Mirando el trayecto de la pérdida de Estado algo más atrás en el tiempo, en el balance de las casi tres décadas del régimen de los Duvalier, no es difícil recordar su apoyo en milicias paramilitares, delincuenciales y brutalmente represivas, fortalecidas en desmedro de la institucionalidad militar. Esa sombra se proyectó sobre el muy breve primer mandato presidencial por elecciones, el de Leslie Manigat, y en la violencia que prevaleció en la sucesión de militares que lo desplazaron del gobierno. También se haría sentir en el contraste entre lo que prometían en 1990 las primeras elecciones plenamente libres en Haití –con el gobierno de Jean Bertrand Aristide, derrocado en 1991, a los siete meses de su triunfo, y repuesto en 1994–, en la sucesión de gobiernos militares y las ineficiencias y opacidades del segundo e inconcluso mandato de Aristide, entre 2000 y 2004. Es de recordar que en ambos momentos y desde entonces hubo iniciativas internacionales de apoyo a la recuperación de Haití con apoyo multilateral: desde la Secretaría General  y el Consejo de Seguridad de las Naciones Unidas, también desde  la OEA,  la Comisión Interamericana de Derechos Humanos y la Comunidad del Caribe. El repertorio de acciones ha incluido fuerzas multinacionales, misiones permanentes de estabilización, de apoyo a la justicia y mantenimiento de la paz, cascos azules, también sanciones y resoluciones, donaciones y programas de cooperación, así como misiones, informes y denuncias en materia de derechos humanos y presencia de observación electoral.
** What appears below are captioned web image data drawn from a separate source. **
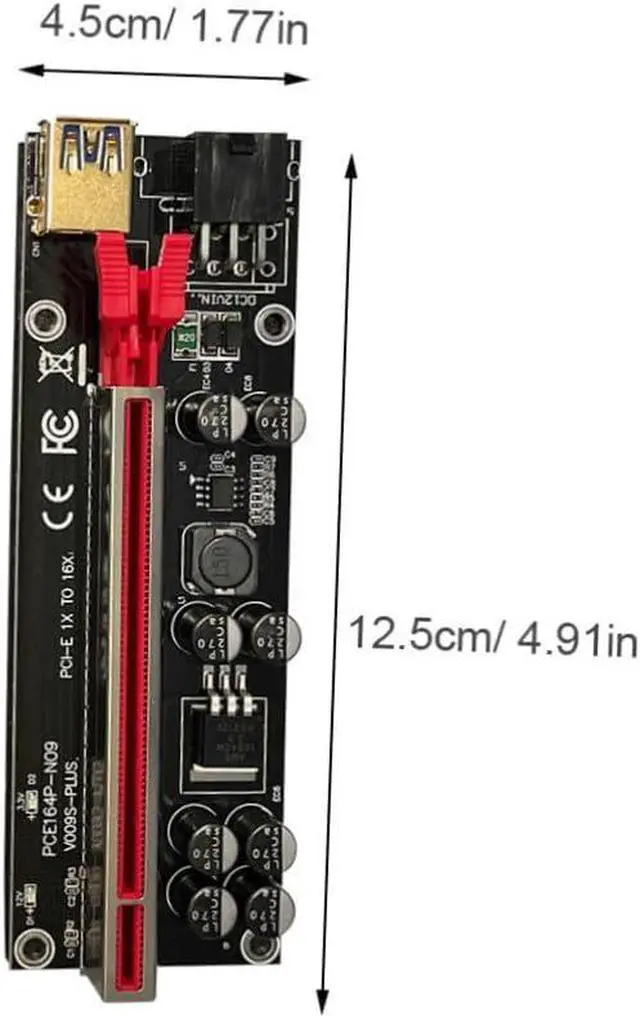 Alt view image 2 of 7 - 6sets Pin Pci-e Riser Card Extension Adapter for Gpu Pci Express Riser Cable Fixed Buckle Graphics Card Support USB to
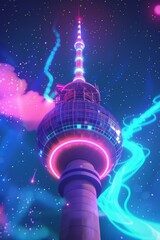 Aufkleber - Berlin neon-lit tower at night, illuminating the city skyline with vibrant colors and modern architectural design, Generative Ai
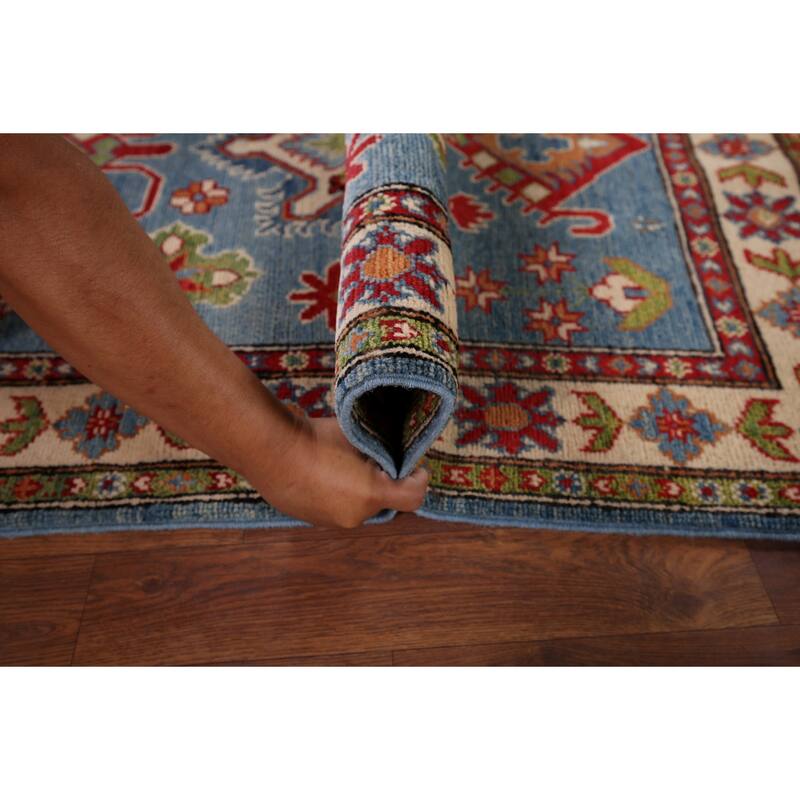 Light Blue Kazak Accent Rug Handmade Wool Carpet - 3'3" x 5'1"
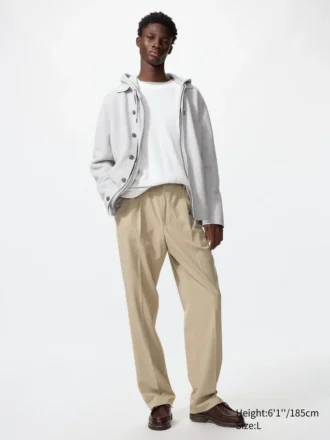 Pantalones anchos con pliegues para hombre | Altura larga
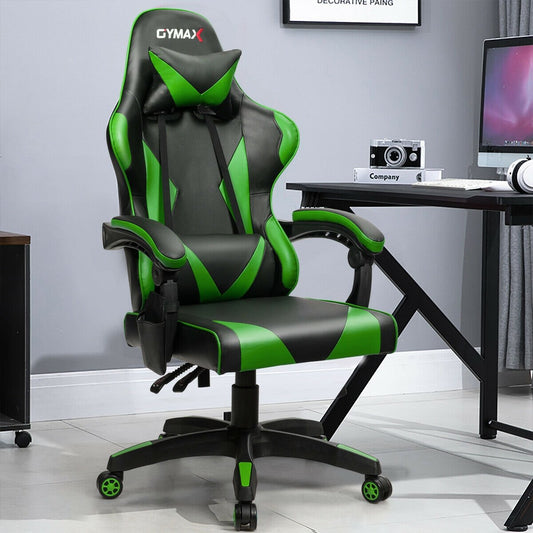 Gaming Chair Reclining Swivel with Massage Lumbar Support, Green - Gallery Canada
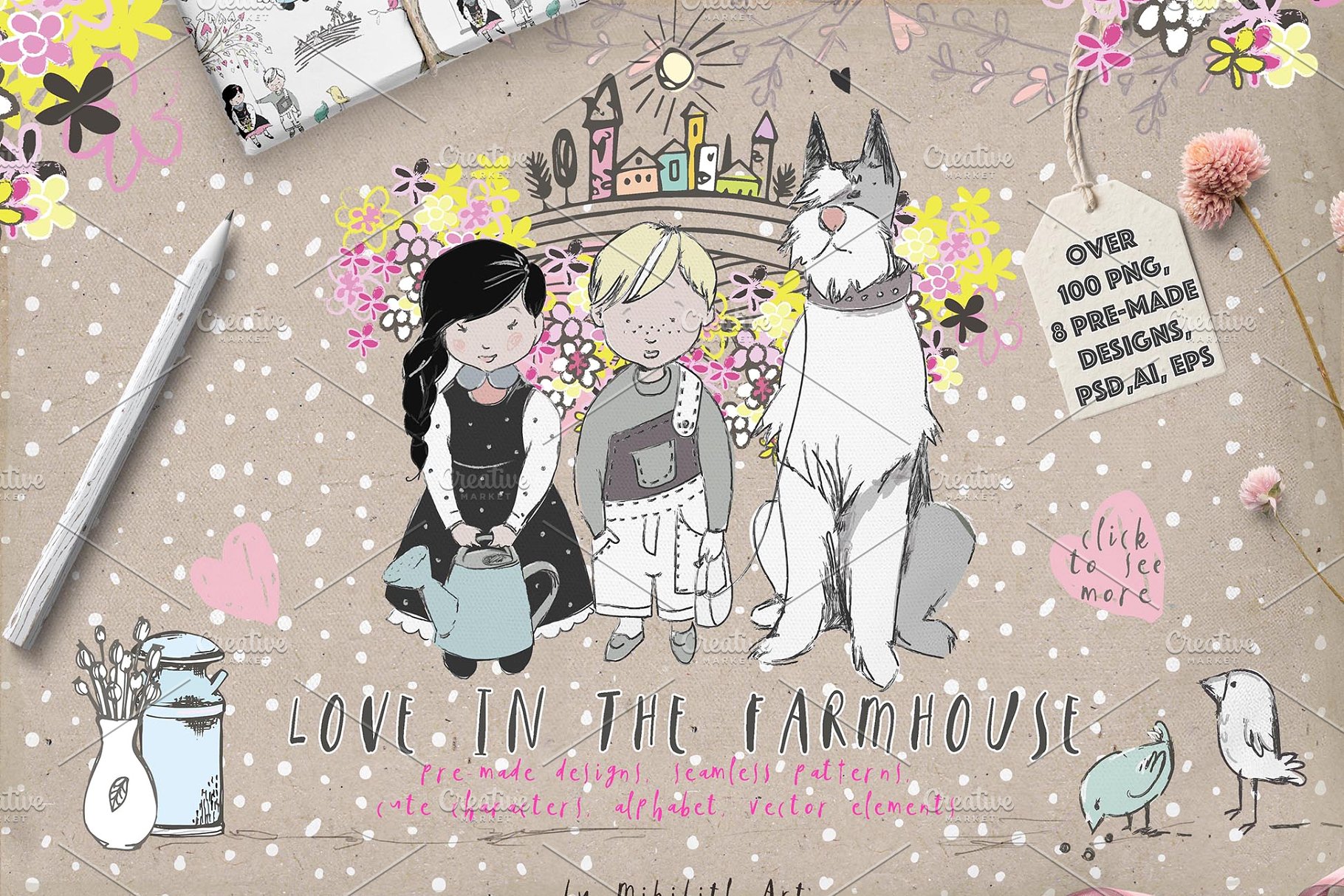 温馨的农场手绘设计元素合集[2.97GB] LOVE IN THE FARMHOUSE插图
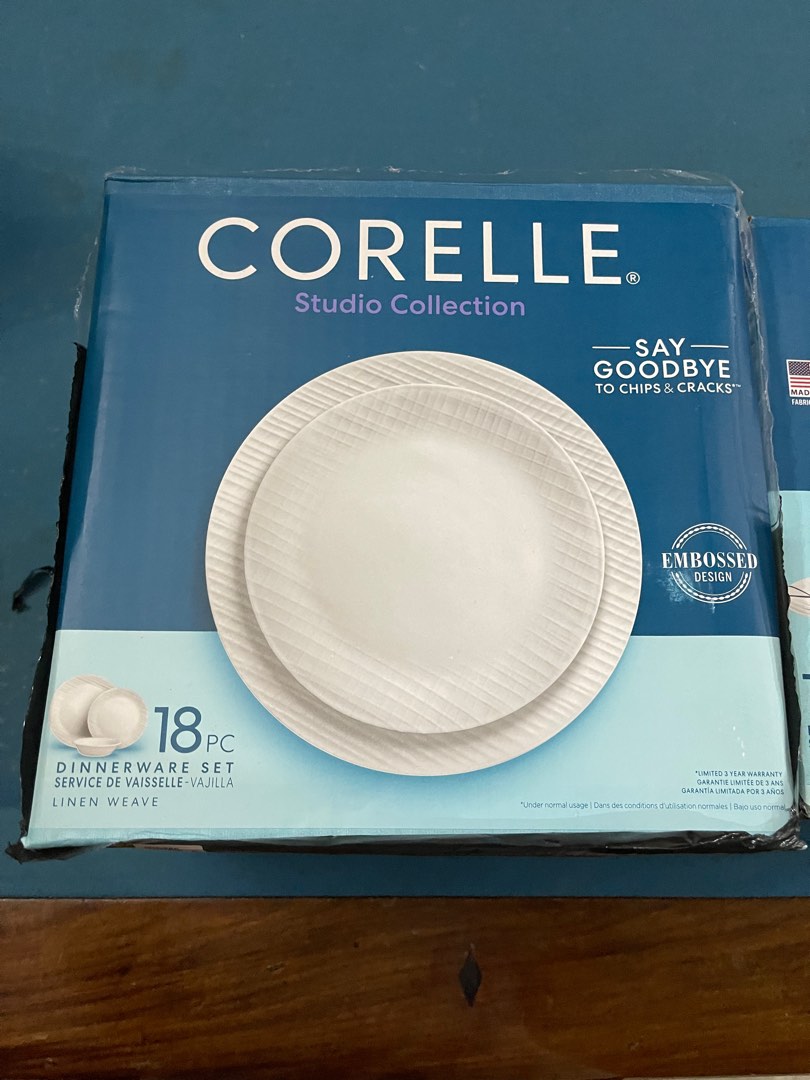 18pc Corelle Studio Linen Weave dinnerware set, Furniture & Home Living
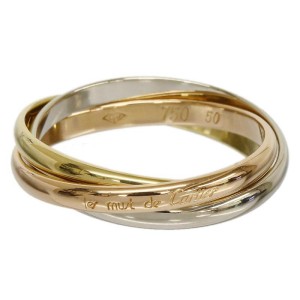 Cartier 18K Pink White And Yellow Gold Ring Size: 5.5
No han faltado la asistencia y la cooperación ante emergencias como las de terremotos, epidemias, sequía, y huracanes. Sin embargo, su eficacia ha sido limitada por su inconstancia, descontrol y dispersión, a la vez que por la combinación nacional de fragilidad institucional, opacidad y corrupción en el manejo de recursos ya de por sí siempre insuficientes.

Valga insistir en que lo crónico de la densa trama haitiana es parte de su tragedia.  No sobra mencionar que es algo que merece especial consideración desde Venezuela, aun salvando las grandes distancias. Lo cierto es que obliga a repensar el recuento a partir de la reflexión sobre lo que toca hacer a los haitianos, junto a ellos, teniendo en cuenta una situación de extrema precariedad, en la que el miedo alienta la desconfianza, la arbitrariedad y la violencia. Quizás es esa expresión –miedo– la que mejor describe, desde adentro, lo crónico de la tragedia. Las desgracias de este momento, que vuelven a convertir en noticia la situación de Haití, ofrecen una nueva oportunidad para mejorar, desde una mayor comprensión, la atención multilateral a un país que no ha cerrado sus puertas a la cooperación internacional.